Я медленно, глубоко и с наслаждением затянулся:
– Это хорошо, Альвей, – киваю. – Я тебе верю. Не потому, что ты прав, а я нет. Просто я больше не хочу быть твоим врагом.
– Ты делаешь мне подарок, Гор, – у него глаза, как у побитой собаки. – Верить тому, кто семнадцать лет был твоим врагом, может только настоящий мужчина. Это хорошо.
Ладно, думаю.
Такие вещи, вообще-то, положено возвращать.
– Только настоящий мужчина, – говорю как можно более медленно, – может прийти к своему врагу и сказать, что он больше не хочет войны. Жаль, что обычай запрещает тебе пить, Альвей.

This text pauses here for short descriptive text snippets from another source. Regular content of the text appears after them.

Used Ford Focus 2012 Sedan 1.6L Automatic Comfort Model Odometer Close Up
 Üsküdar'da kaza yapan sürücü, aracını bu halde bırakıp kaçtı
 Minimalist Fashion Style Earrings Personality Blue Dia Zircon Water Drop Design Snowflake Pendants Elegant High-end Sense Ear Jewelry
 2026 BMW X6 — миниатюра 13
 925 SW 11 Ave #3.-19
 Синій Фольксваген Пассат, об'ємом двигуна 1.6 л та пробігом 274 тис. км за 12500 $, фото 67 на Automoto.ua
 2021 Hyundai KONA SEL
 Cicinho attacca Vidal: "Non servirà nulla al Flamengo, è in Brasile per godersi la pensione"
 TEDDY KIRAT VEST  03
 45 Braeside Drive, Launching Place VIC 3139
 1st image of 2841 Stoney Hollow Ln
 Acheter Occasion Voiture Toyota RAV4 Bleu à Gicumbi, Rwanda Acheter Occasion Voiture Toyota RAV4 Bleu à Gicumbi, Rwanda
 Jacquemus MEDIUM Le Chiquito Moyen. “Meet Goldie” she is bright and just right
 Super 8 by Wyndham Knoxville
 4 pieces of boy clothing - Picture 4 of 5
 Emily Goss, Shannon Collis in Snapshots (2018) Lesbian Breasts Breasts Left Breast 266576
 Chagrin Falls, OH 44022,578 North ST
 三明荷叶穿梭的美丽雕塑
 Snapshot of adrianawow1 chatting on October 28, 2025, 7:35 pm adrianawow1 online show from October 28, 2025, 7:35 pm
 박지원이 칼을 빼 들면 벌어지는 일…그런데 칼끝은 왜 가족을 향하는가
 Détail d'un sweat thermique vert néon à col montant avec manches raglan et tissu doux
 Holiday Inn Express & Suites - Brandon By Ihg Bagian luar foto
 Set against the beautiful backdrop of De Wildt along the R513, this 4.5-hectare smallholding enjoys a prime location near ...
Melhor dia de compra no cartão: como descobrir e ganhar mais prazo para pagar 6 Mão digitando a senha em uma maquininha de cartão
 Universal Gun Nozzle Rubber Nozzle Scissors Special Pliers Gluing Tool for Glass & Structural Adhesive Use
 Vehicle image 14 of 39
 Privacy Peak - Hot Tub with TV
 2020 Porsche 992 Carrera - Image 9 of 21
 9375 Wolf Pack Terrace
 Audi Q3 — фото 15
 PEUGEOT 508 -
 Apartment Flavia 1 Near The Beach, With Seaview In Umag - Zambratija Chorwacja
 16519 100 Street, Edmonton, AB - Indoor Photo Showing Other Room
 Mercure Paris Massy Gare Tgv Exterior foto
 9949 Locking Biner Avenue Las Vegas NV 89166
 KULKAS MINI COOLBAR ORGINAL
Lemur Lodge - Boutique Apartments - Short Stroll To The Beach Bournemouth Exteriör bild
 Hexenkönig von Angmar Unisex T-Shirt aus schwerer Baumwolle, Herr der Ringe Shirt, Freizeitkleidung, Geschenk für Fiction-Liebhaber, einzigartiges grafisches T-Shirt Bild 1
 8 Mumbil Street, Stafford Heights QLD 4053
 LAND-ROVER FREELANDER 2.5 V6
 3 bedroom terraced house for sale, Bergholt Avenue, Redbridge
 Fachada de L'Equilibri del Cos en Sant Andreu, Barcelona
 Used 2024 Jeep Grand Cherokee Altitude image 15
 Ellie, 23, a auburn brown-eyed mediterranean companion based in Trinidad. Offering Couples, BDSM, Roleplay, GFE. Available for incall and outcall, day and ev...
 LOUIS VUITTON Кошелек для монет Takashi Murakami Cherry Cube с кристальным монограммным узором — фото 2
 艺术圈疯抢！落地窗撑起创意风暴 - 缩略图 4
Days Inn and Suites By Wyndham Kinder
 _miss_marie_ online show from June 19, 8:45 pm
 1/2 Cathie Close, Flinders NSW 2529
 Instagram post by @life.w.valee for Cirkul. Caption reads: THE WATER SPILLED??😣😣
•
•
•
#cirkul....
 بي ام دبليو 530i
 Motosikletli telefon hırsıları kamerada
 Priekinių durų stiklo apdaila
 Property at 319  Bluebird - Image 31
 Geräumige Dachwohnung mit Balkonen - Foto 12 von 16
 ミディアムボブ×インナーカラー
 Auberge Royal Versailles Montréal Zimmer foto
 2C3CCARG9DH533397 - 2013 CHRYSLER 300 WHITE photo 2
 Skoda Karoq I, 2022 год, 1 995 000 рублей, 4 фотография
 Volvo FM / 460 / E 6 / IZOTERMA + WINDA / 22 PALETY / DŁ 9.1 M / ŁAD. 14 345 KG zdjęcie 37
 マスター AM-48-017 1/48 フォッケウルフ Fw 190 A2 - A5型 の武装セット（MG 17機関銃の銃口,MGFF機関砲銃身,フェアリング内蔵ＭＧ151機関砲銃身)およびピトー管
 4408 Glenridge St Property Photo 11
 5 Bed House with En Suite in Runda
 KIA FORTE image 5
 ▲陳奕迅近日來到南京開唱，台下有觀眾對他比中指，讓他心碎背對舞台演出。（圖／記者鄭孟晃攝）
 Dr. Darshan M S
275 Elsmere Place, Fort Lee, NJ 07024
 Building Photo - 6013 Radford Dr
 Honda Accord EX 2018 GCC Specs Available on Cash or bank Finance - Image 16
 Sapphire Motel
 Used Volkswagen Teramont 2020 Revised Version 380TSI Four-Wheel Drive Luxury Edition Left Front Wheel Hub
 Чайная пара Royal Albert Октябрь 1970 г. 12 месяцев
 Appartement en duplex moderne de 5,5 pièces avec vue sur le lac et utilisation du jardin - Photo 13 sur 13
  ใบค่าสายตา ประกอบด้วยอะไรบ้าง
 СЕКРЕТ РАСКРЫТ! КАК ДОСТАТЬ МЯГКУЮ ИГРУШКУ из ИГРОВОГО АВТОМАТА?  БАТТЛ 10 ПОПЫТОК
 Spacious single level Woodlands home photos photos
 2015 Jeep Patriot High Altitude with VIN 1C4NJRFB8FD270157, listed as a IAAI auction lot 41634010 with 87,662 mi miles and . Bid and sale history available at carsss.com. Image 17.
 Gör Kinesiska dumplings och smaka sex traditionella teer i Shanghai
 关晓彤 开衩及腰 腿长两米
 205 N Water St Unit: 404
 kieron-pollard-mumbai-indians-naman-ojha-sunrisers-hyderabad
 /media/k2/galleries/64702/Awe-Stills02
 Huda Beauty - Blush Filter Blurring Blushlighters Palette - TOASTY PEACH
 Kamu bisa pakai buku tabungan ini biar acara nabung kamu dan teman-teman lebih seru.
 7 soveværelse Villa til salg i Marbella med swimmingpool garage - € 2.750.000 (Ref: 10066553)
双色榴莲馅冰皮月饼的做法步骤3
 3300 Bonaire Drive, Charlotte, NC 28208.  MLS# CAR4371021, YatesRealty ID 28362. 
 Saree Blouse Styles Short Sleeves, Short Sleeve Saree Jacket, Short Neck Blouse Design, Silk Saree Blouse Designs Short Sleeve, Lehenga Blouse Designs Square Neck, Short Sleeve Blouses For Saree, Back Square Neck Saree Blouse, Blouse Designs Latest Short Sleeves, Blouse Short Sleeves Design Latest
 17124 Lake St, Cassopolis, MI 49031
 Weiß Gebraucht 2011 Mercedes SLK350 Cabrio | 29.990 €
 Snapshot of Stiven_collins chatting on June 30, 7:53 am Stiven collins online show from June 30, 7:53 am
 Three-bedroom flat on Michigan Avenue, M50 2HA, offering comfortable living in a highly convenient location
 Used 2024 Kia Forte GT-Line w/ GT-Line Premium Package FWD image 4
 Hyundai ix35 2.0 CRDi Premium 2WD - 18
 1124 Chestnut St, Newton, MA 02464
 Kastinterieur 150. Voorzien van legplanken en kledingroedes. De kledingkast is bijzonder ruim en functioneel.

– Да, – соглашается. – Жаль.
Мы опять помолчали.
– Я не могу пойти с тобой, капитан, – вздыхает неожиданно. – На мне тейп. Но ты должен взять с собой Аслана.
– Почему?
– На тебе долг, – снова короткое пожатие плечами, это, видимо, у них что-то родовое, я почему-то так думаю. – Твои люди убили его мать и отца, значит, если мы прекратили вражду, ты должен стать ему отцом, как стал ему отцом я. Так заканчиваются войны, капитан. Только так.
Я прикурил еще одну сигарету.
Не фига себе!
Вот папочка обрадуется…
Мало ему сына с молодой женой прямо на голову, так еще и внучок катит как паровоз…
Типа того: привет, деда.
Еще один родственничек.
Обхохочешься.
Особенно если учесть, что кавказцев папочка, на моей памяти, мягко говоря, недолюбливал…
– Мой путь труден и не прям, Альвей, – огорченно качаю головой. – А отряд – не университет. Разумно ли мальчишке идти с нами?
Он только презрительно усмехается:
– Аслан – мужчина и воин. Я учил его стрелять и ходить по горам. Ты должен научить остальному. А если он погибнет – что ж, значит, мы потеряем сына…
Мне стало не по себе.
По-моему, он относился к этому делу как-то слишком серьезно.
Н-да…
Не троянский ли это конь, а, Егор Дмитриевич?